Brooklyn Morning – Food Cart Woes at Atlantic-Pacific

Home Brooklyn Life Brooklyn Morning – Food Cart Woes at Atlantic-Pacific

by Idil Abshir

For food cart vendors after Thanksgiving, the pace of business leaves room for more. (Idil Abshir/The Brooklyn Ink)
For food cart vendors after Thanksgiving, the pace of business leaves room for more. (Idil Abshir/The Brooklyn Ink)

After Thanksgiving people often feel rejuvenated, ready to power through to Christmas. For food cart vendors however, the days after the turkey and dressing, cranberry and pies, signal one thing: bad business.

Sam Dib, a coffee and donut vendor on Atlantic Avenue and Pacific streets, says that he doesn’t really get customers until the new year. “Until maybe January 15,” he said.

Another vendor, Ziyad Khan, who was set up half a block away, said that in the days between Thanksgiving week and December 1, he gets practically no business at all. “Last week was very slow,” said Khan, “and this week too.”

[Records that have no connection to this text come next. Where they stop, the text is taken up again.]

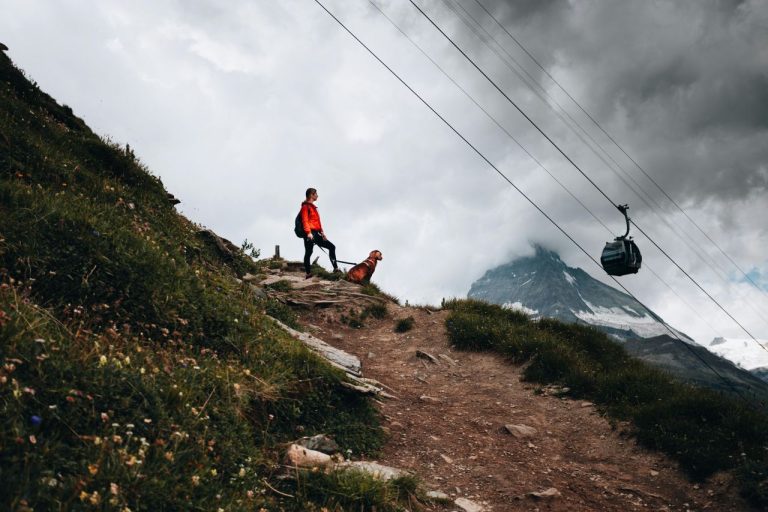 Hiking With Dogs? The 10,000-Foot Rule You Should Know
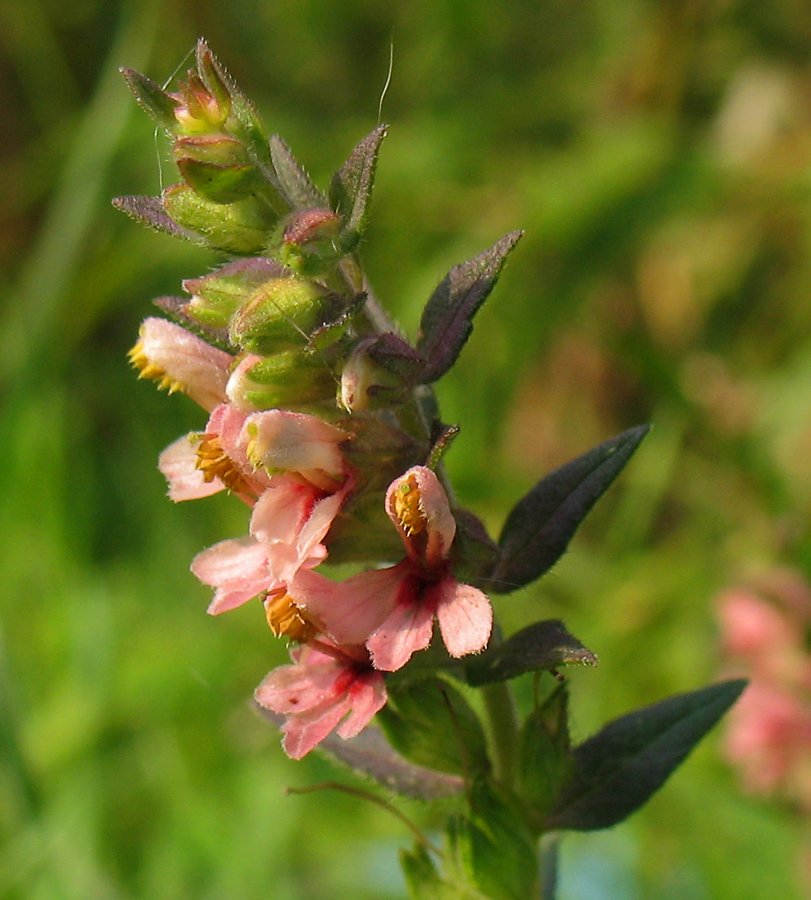 Изображение особи Odontites vulgaris.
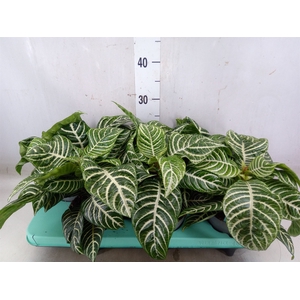 Aphelandra squar. 'Botanica'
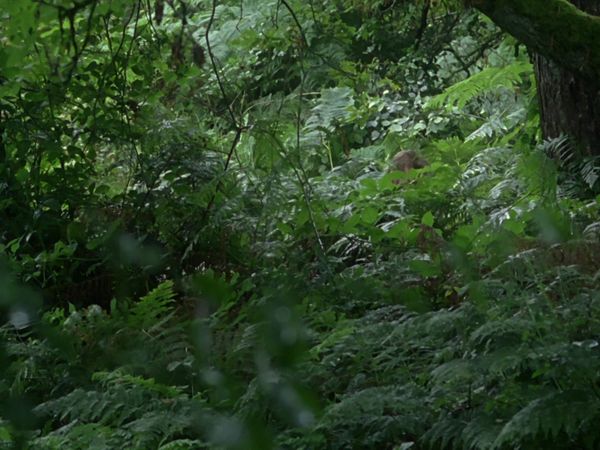 Doc Martin - Out of the Woods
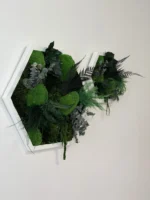 Hexagon Mosbeeld Levend – Uniek Plantenarrangement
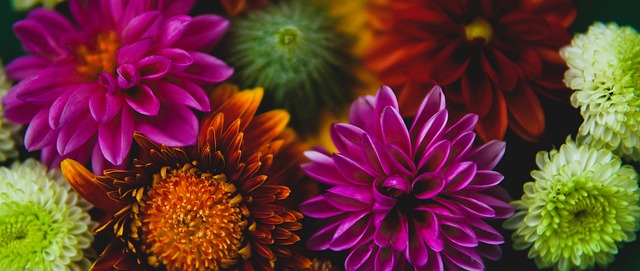 常机制应对 常机制应对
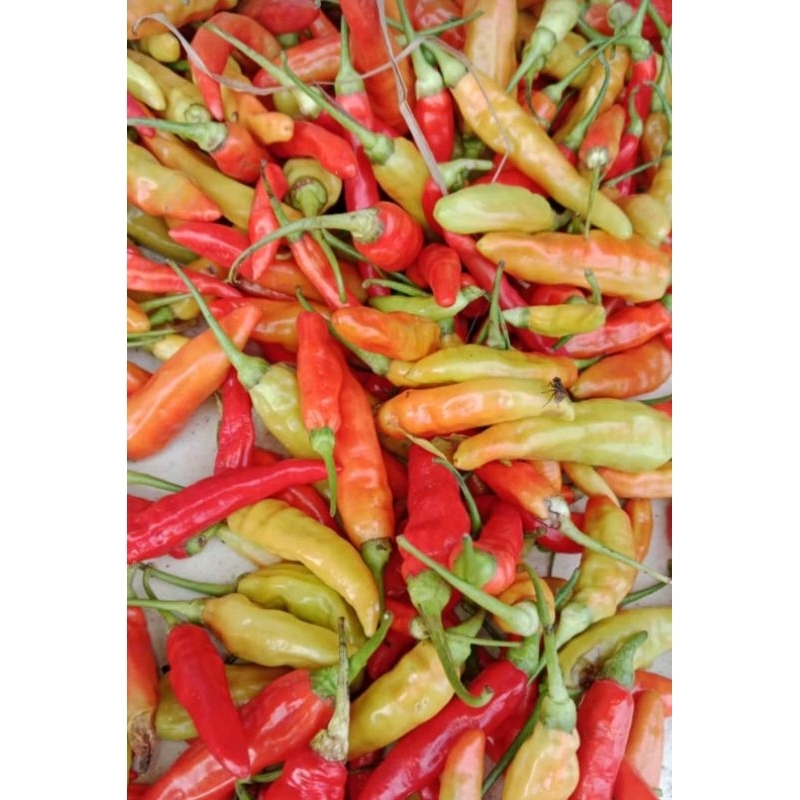 

cabe setan bandungan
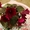 Фиалки, листочки, черенки, стартеры, цветущие, комнатные цветы, - <ro>Изображение</ro><ru>Изображение</ru> #2, <ru>Объявление</ru> #1667858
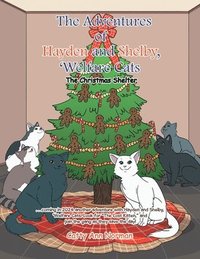 bokomslag The Adventures of Hayden and Shelby, 'Welfare Cats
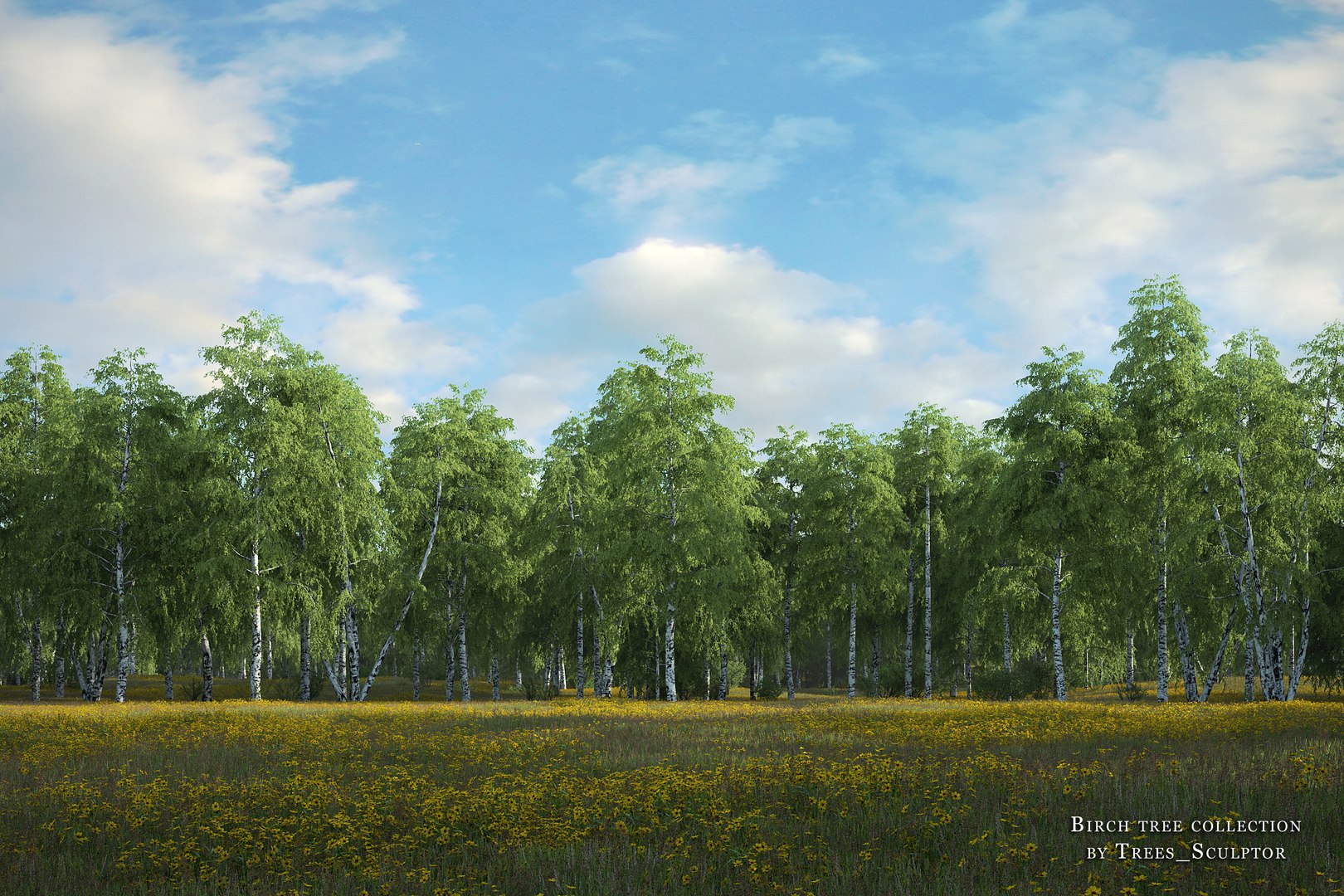 birch tree 3d model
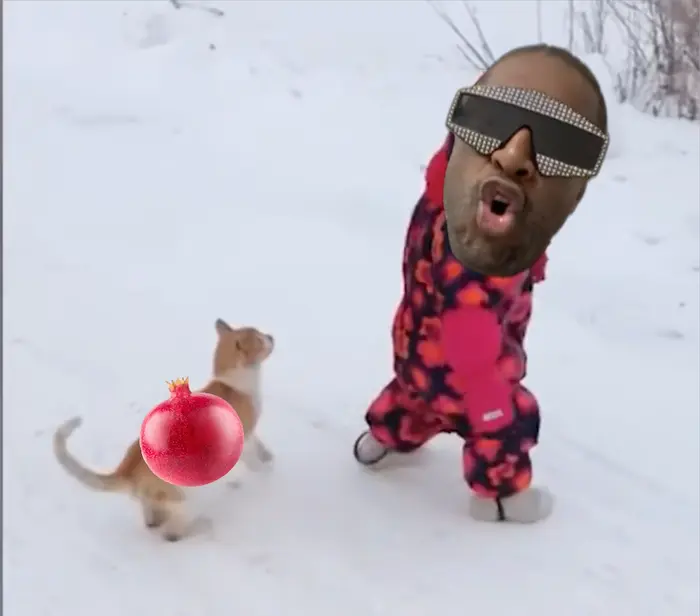 Cat RKO meme | image tagged in memes | made with Piñata Farms meme generator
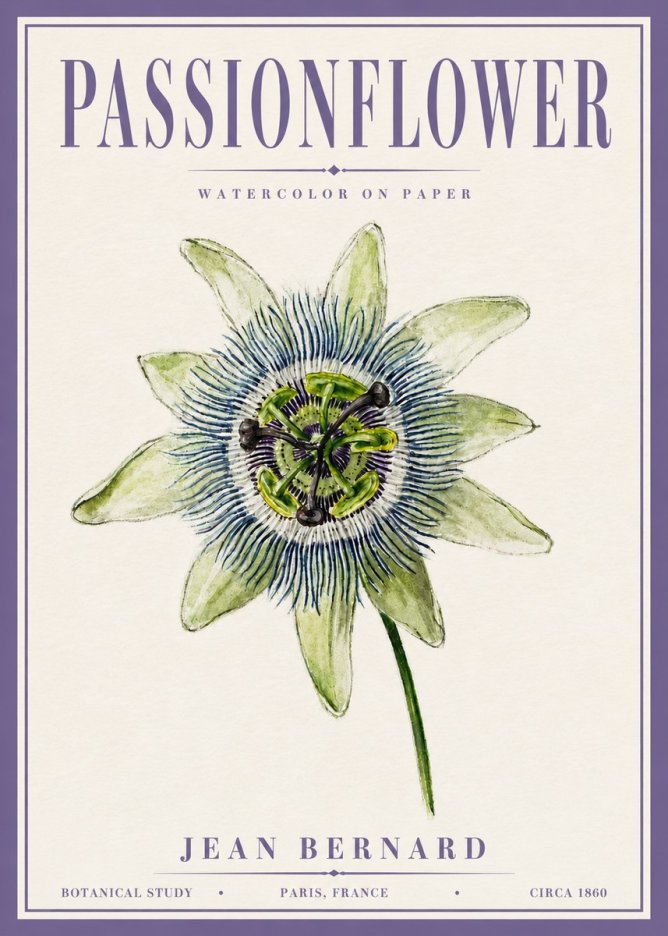 Jean Bernard Passionflower No6 - Plakát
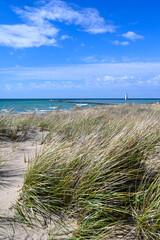 Fototapeta na wymiar Beachgrass along sand dunes on Lake Michigan shoreline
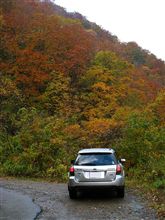 徳山ダム周辺の紅葉ドライブ 徳山ダム周辺の紅葉ドライブ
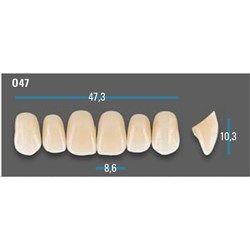 Vitapan Plus Anterior Shade A3 Upper Mould O47 Set 6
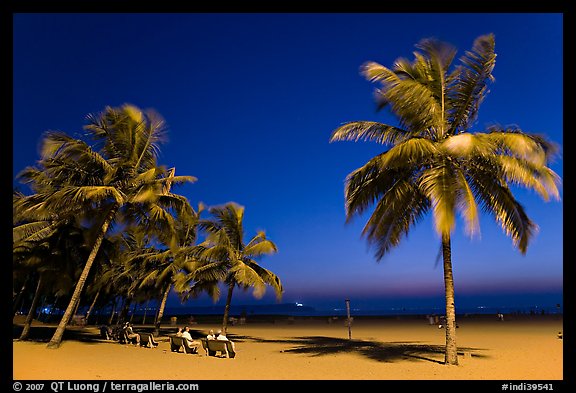 People sitting on bench below palm trees at twilight, Miramar Beach. Goa, India (color)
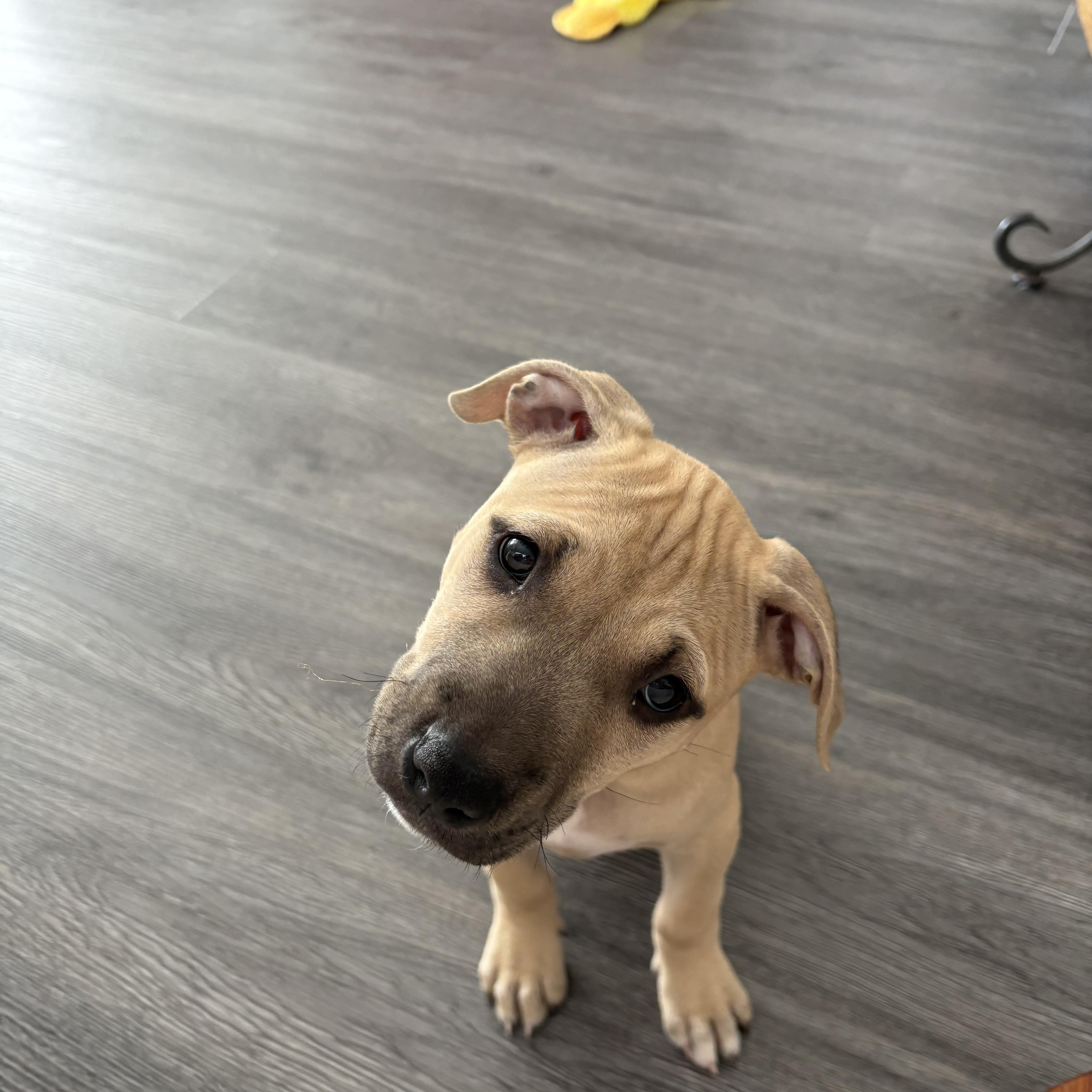 Enlarge Matilda, a ADOPTABLE mixed breed in Oceanport, NJ image 4/4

They stood in their carts, silently waiting for people to emerge from an approaching train. Khan had all his food and condiments lined up, but he got no takers. Dib talked to a taxi driver, their conversation interrupted as the taxi driver repeatedly offered his services to passers by.

”We don’t know what will happen, but we wait,” said Dib. “It will get better next year.”

Khan is an optimist, too. “The food will continue to sell. It is slow, but we will make something,” he said. “People have to eat. They can’t starve.”